Bit rates of the state-of-the-art silicon digital modulators based on the carrier-depletion effect have reached 200 Gbit/s [12 –16]. Inspired by the success of silicon digital modulators in high-speed optical interconnect systems, increasing research efforts are devoted to developing silicon modulators for analog optical links, e.g., high linearity modulators and OSSB modulators [17 –22]. Most silicon OSSB modulators utilize the dual-parallel Mach–Zehnder modulator (DP-MZM) architecture [21,22]. This scheme requires two bias-tees to provide reverse biases for the PN junctions of two sub-MZMs, and a quadrature hybrid coupler (QHC) that generates a pair of radio frequency (RF) signals with equal amplitudes and quadrature phases to drive the two sub-MZMs.

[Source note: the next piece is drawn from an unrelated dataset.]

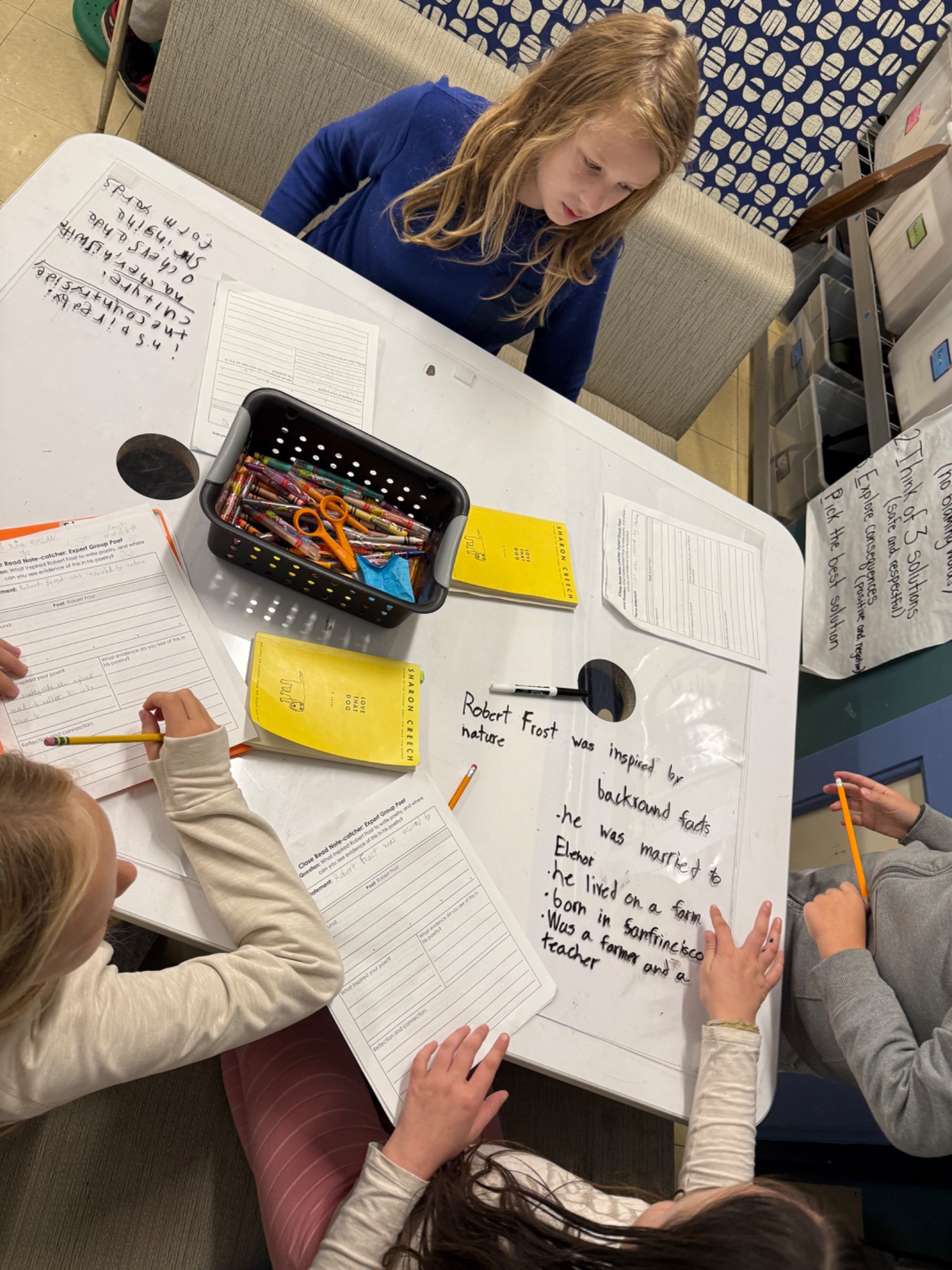 Four students collaborating around shared notes, mentor texts, and a group poet analysis sheet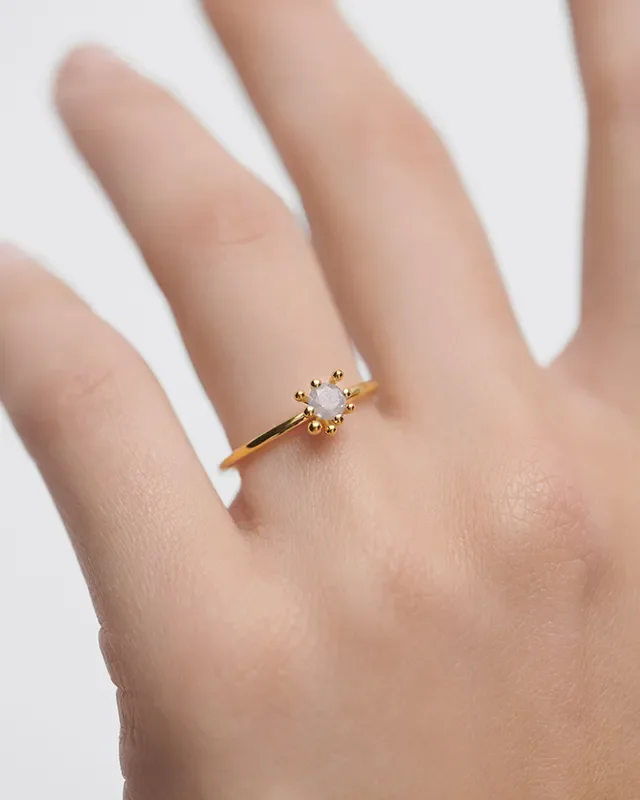 PDPAOLA GREY FLEUR RING AN01-C93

In most prior reports, these RF passive devices are implemented as discrete components. If these RF devices and the silicon DP-MZM can be monolithically integrated on the same chip, key performance metrics such as cost, footprint, reliability, parasitic, and link loss can be dramatically improved.

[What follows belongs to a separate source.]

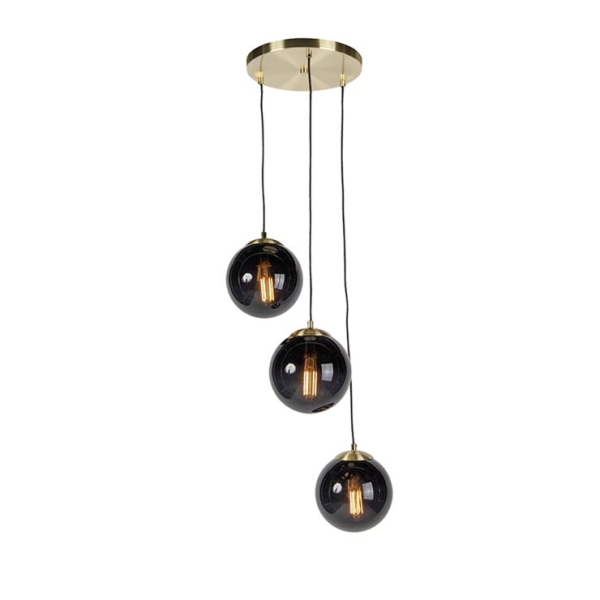 Smart hanglamp messing met zwart glas incl. 3 wifi st64 - pallon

On-chip RF passive devices such as couplers, mixers, and antennas are quite prevalent in millimeter-wave integrated circuits (MMICs) [23 –25]. However, there are very few attempts to monolithically integrate passive RF devices with silicon PICs due to compatibility issues in terms of processing flow and footprint. Important progress is made in Ref. [26], where a parallel dual-ring modulator (PDRM) and a QHC are integrated monolithically to enable an FC-OSSB modulator by leveraging IHP’s Photonic BiCMOS technology. The sideband suppression ratio (SSR) is 15 dB in the frequency range from 28 to 32 GHz. The lumped QHC in this work is formed by inductors and capacitors. However, integrated capacitors in MMICs usually suffer from poor accuracy. The typical capacitor tolerance of silicon integrated passive device (IPD) technology is within $\pm 5 %$ [27]. In contrast, branch line couplers (BLCs) consisting of coplanar waveguides (CPWs) or microstrip lines are more tolerable to manufacturing errors and, thus, are widely used to build RF power dividers or RF phase shifters in MMICs [28 –31]. On the other hand, OSSB modulation usually requires cooperation between two sub-modulators. Therefore, the operation states of the two sub-modulators should be controlled precisely. Otherwise, the undesired sideband cannot be suppressed effectively. It is not easy to precisely control the resonance state of a microring modulator. In addition, OSSB modulators are widely used in microwave photonics systems, which usually use high optical powers to enhance their RF link gains. However, microring modulators suffer from strong optical nonlinearity at high optical power levels [32]. In contrast, MZMs have intrinsic advantages over microring modulators in terms of control simplicity and high-power handling ability and, thus, are well-suited for the OSSB modulators.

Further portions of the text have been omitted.